首页 数据库 mysql教程 A proposal for more reliable locks using Redis

A proposal for more reliable locks using Redis

Jun 07, 2016 pm 04:35 PM
for

----------------- UPDATE: The algorithm is now described in the Redis documentation here => http://redis.io/topics/distlock. The article is left here in its older version, the updates will go into the Redis documentation instead. ---------

-----------------
UPDATE: The algorithm is now described in the Redis documentation here => http://redis.io/topics/distlock. The article is left here in its older version, the updates will go into the Redis documentation instead.
-----------------

Many people use Redis to implement distributed locks. Many believe that this is a great use case, and that Redis worked great to solve an otherwise hard to solve problem. Others believe that this is totally broken, unsafe, and wrong use case for Redis.

Both are right, basically. Distributed locks are not trivial if we want them to be safe, and at the same time we demand high availability, so that Redis nodes can go down and still clients are able to acquire and release locks. At the same time a fast lock manager can solve tons of problems which are otherwise hard to solve in practice, and sometimes even a far from perfect solution is better than a very slow solution.

Can we have a fast and reliable system at the same time based on Redis?

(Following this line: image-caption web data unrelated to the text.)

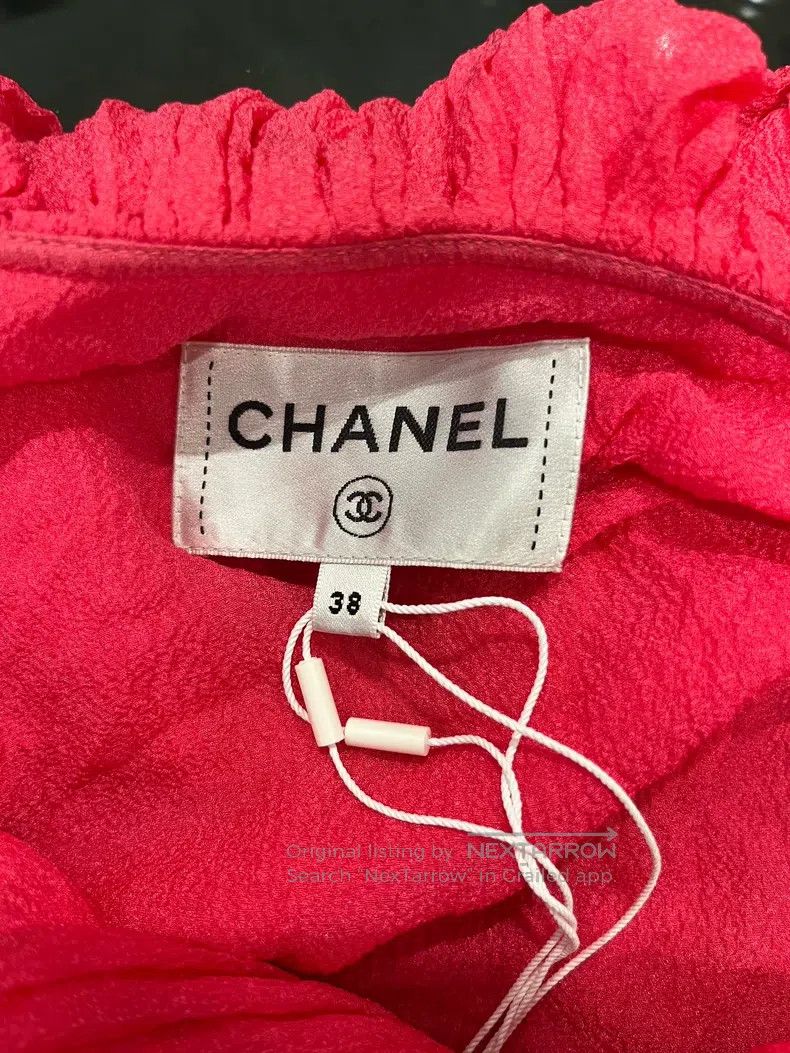 Chanel Chanel 21-year-old rose-red ruffled dress Size XS / US 0-2 / IT 36-38 - 3 Thumbnail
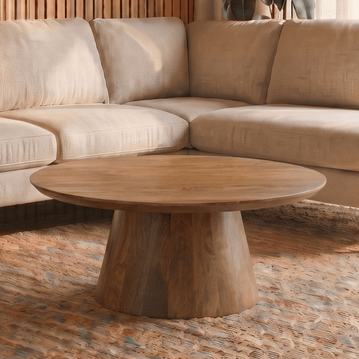 Mangohouten Salontafel Nova Rond 80 cm Mahom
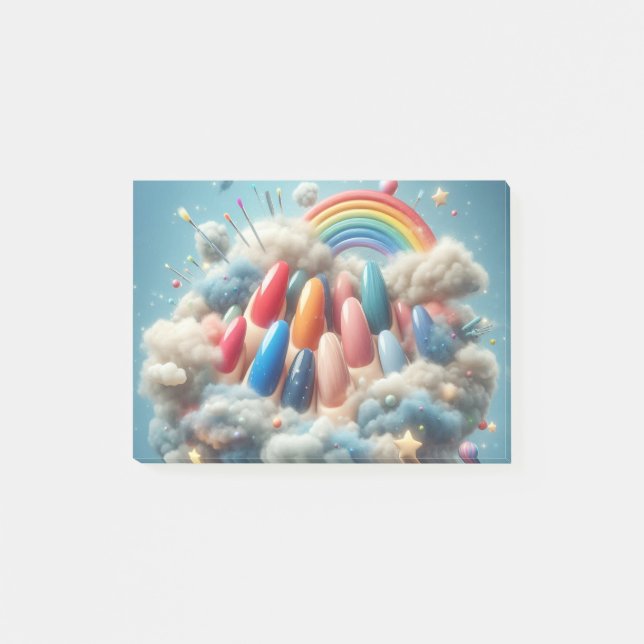 Bloco De Notas Unhas de sonho (Frente)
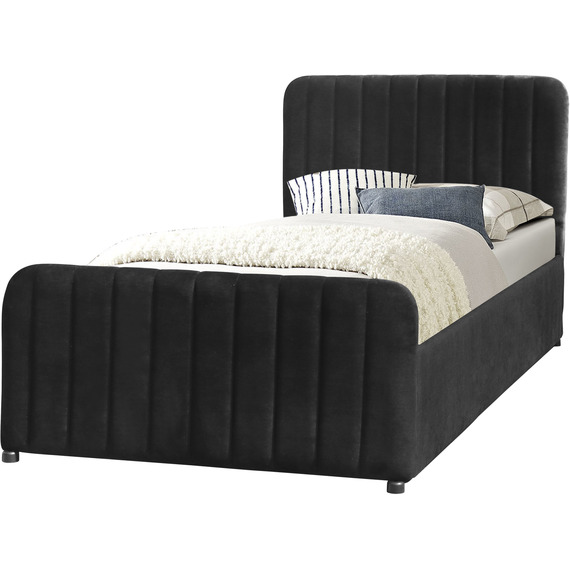 Gas Lift Ottoman Brushed Velvet Bedframe 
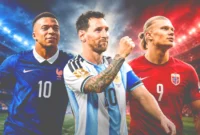Lionel Messi (Argentina), Kylian Mbappe (Prancis), dan Erling Haaland (Norwegia) bertarung memperebutkan penghargaan sepatu emas sebagai penyerang paling subur dalam gelaran Piala Dunia 2026. (Ist.)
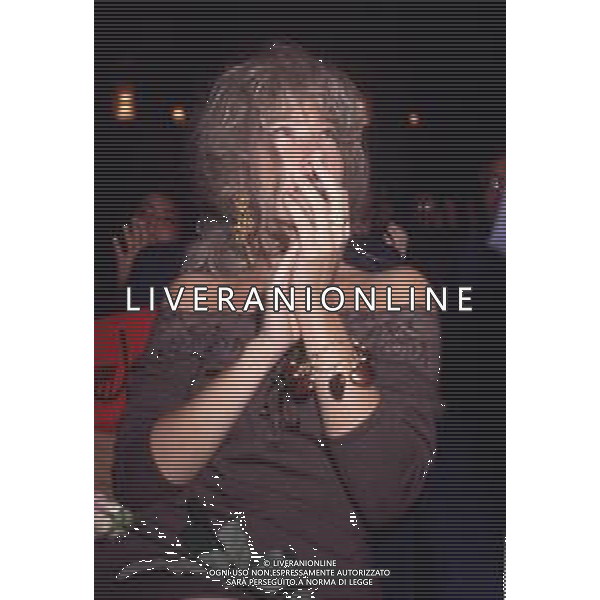DIAP-RETROSPETTIVA NANCY BRILLI ATTRICE NELLA FOTO NANCY BRILLI PRESENTAZIONE DEL FILM “ITALIA -GERMANIA 4-3“A MILANO NELL\'ANNO 1990 AG ALDO LIVERANI SAS 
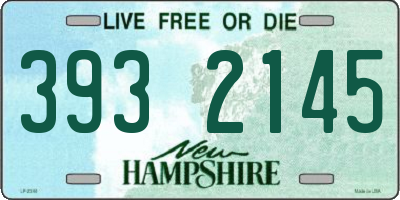 NH license plate 3932145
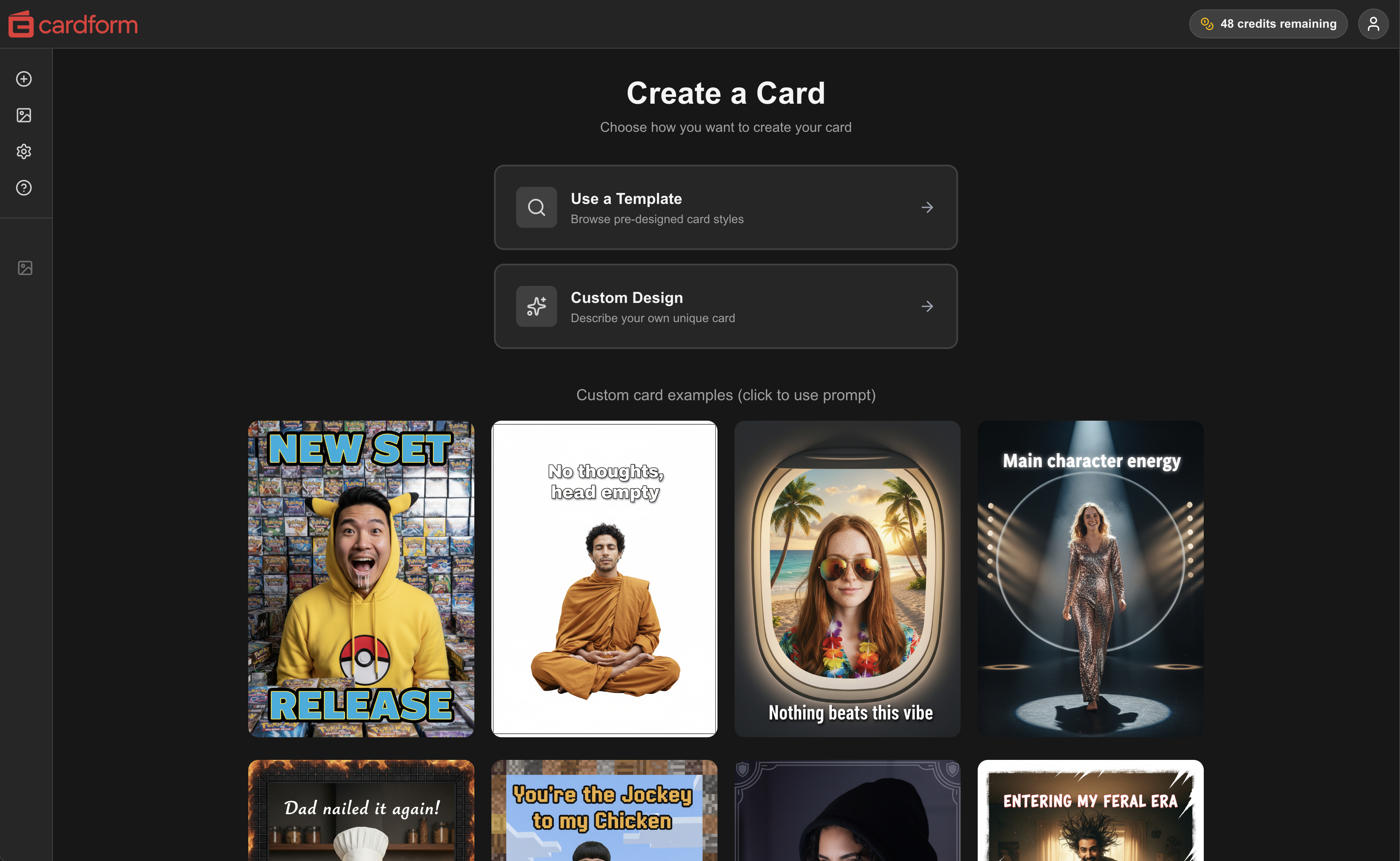 Cardform gallery image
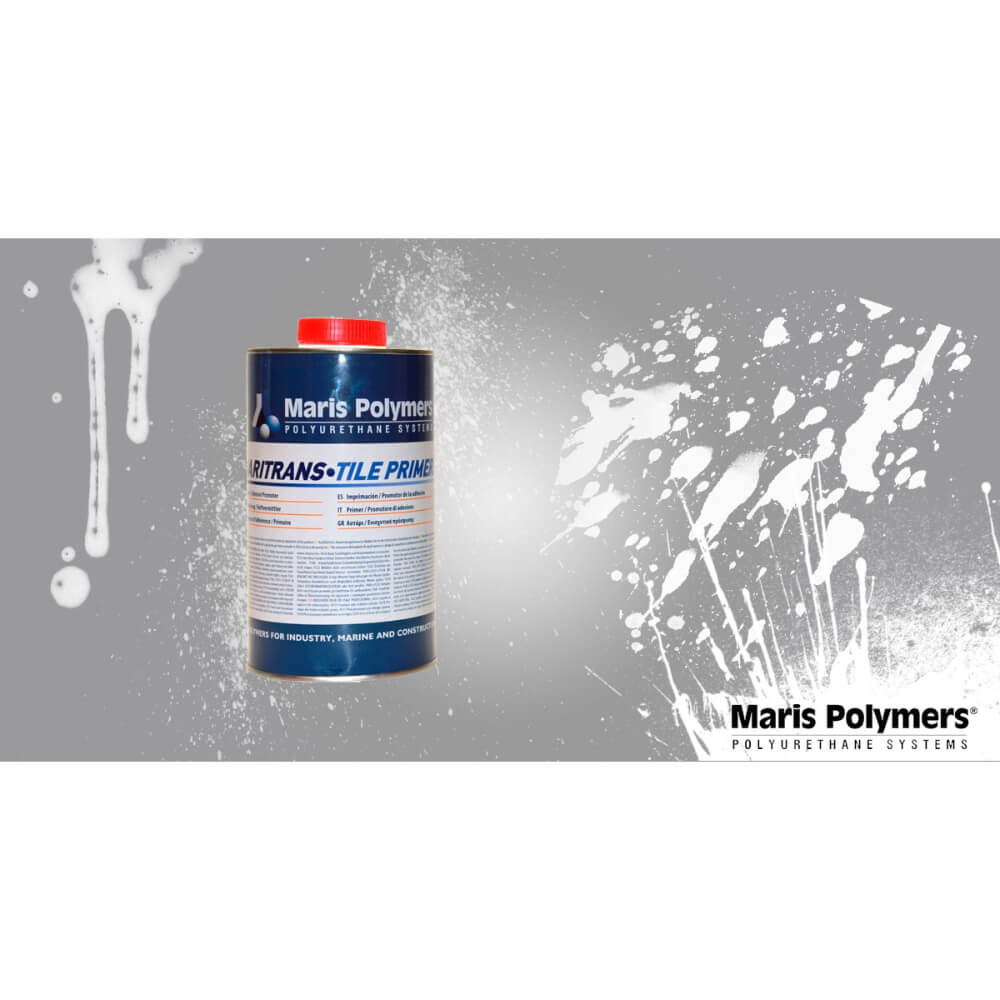 Amorsa Membrane Transparente MARIS POLYMERS 1Kg,  Maritrans Tile Primer, Amorsa Transparenta, Amorsa Monocomponenta, Amorsa Transparenta pentru Membrane, Amorsa pe Baza de Solventi, Primer Trasparent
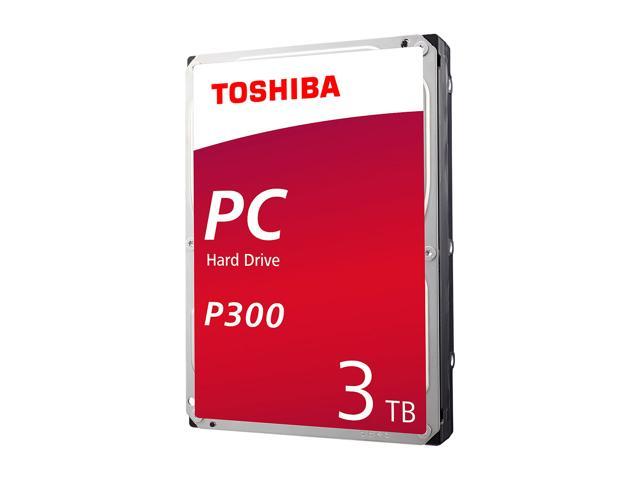 Toshiba P300 3TB Desktop 3.5 inch Internal Hard Drive 7200 RPM SATA 6Gb/s 64 MB Cache - HDWD130XZSTA (Retail Package)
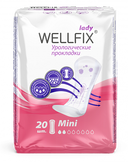 Wellfix Прокладки урологические Леди Мини, 2 капли, 20 шт.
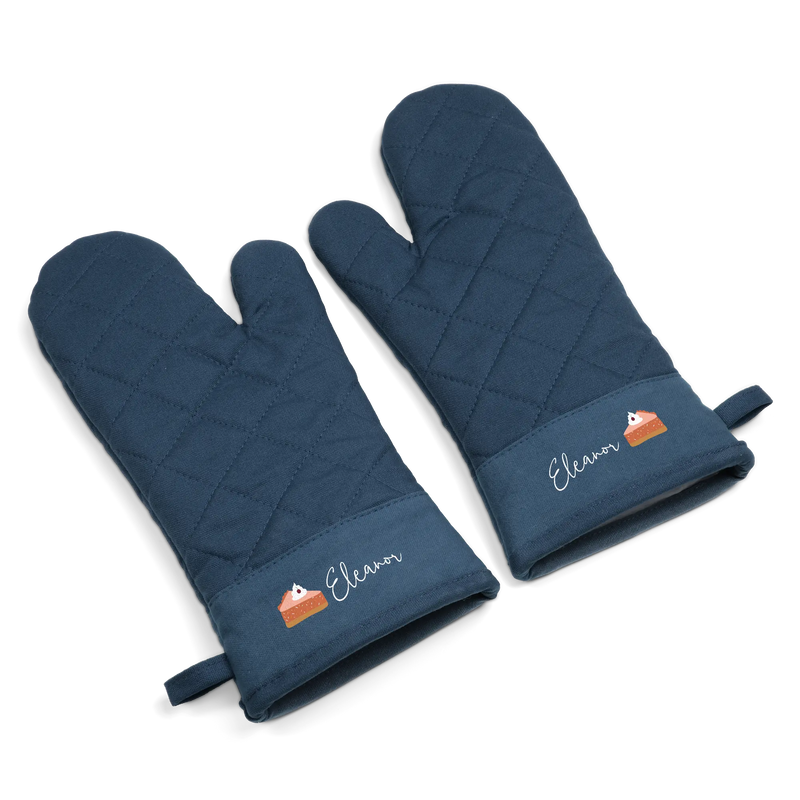 Personalised oven gloves - 2 pcs - Albastru - | Livrare Flori Județul Călărași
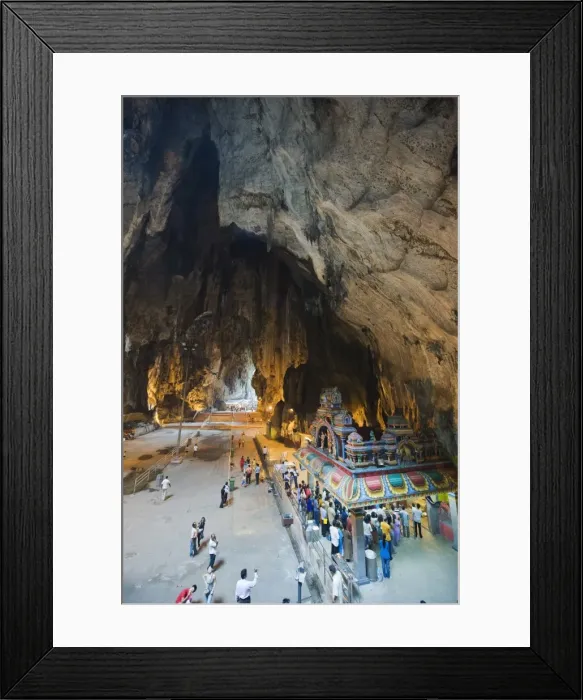 Framed Print : Hindu Shrine in Temple Cave at Batu Caves, Kuala Lumpur, Malaysia, Southeast Asia, Asia
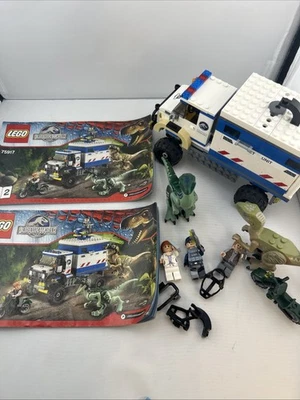 LEGO 75917 RAPTOR RAMPAGE MUNDO JURÁSICO. Con libro. Sin caja. Foto 1 de 4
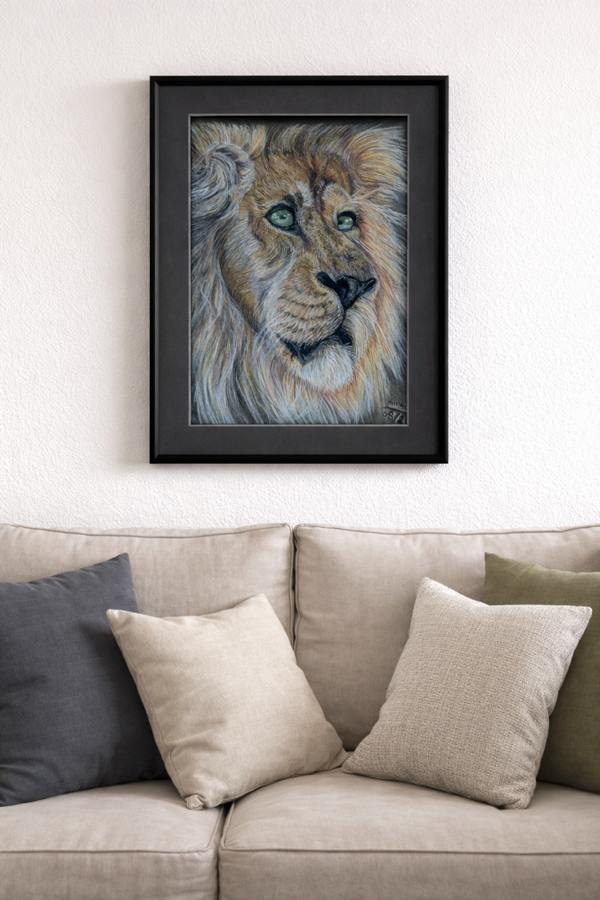 Koning van rust - Leeuw in soft pastel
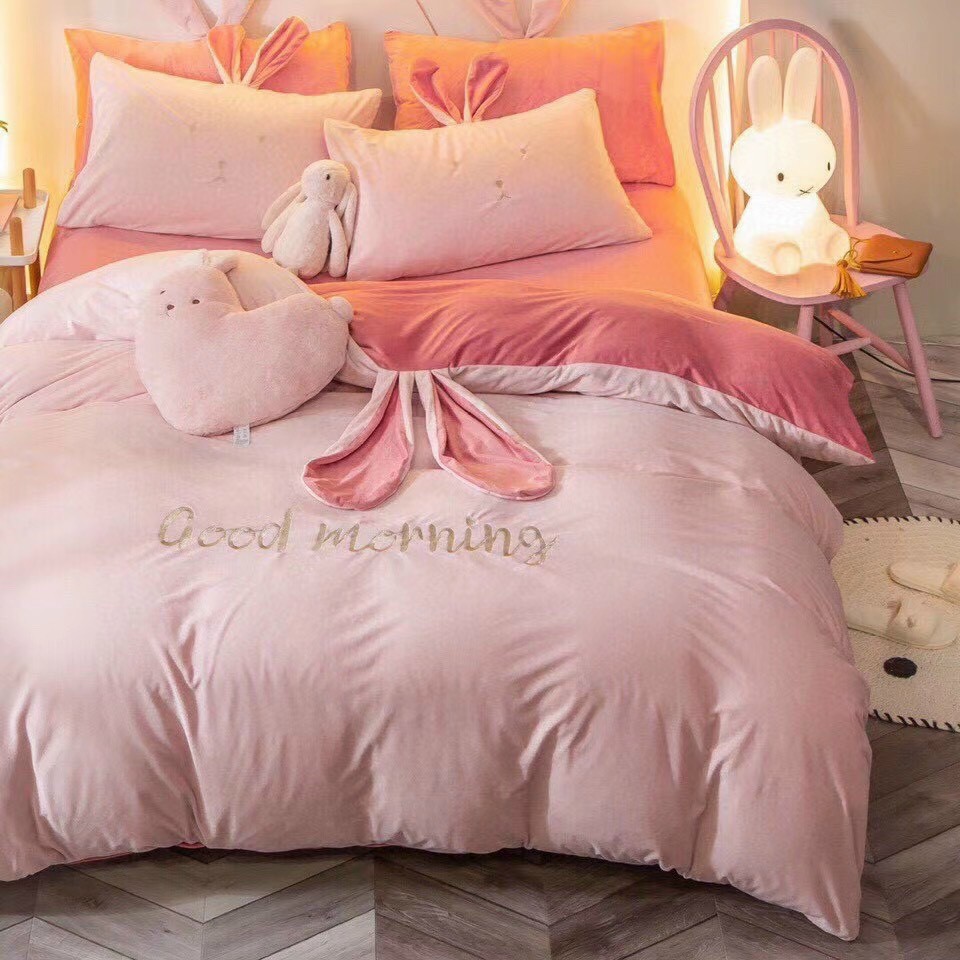 Bộ Vỏ Chăn Ga Gối Nỉ Nhung tai thỏ nhập khẩu đủ mọi kích thước HASUKO 1M2 .1M4 .1M6 .1M8 .2M2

This blog post is an exploration in this area. I’ll try to describe a proposal for a simple algorithm to use N Redis instances for distributed and reliable locks, in the hope that the community may help me analyze and comment the algorithm to see if this is a valid candidate.

# What we really want?

Talking about a distributed system without stating the safety and liveness properties we want is mostly useless, because only when those two requirements are specified it is possible to check if a design is correct, and for people to analyze and find bugs in the design. We are going to model our design with just three properties, that are what I believe the minimum guarantees you need to use distributed locks in an effective way.

1) Safety property: Mutual exclusion. At any given moment, only one client can hold a lock.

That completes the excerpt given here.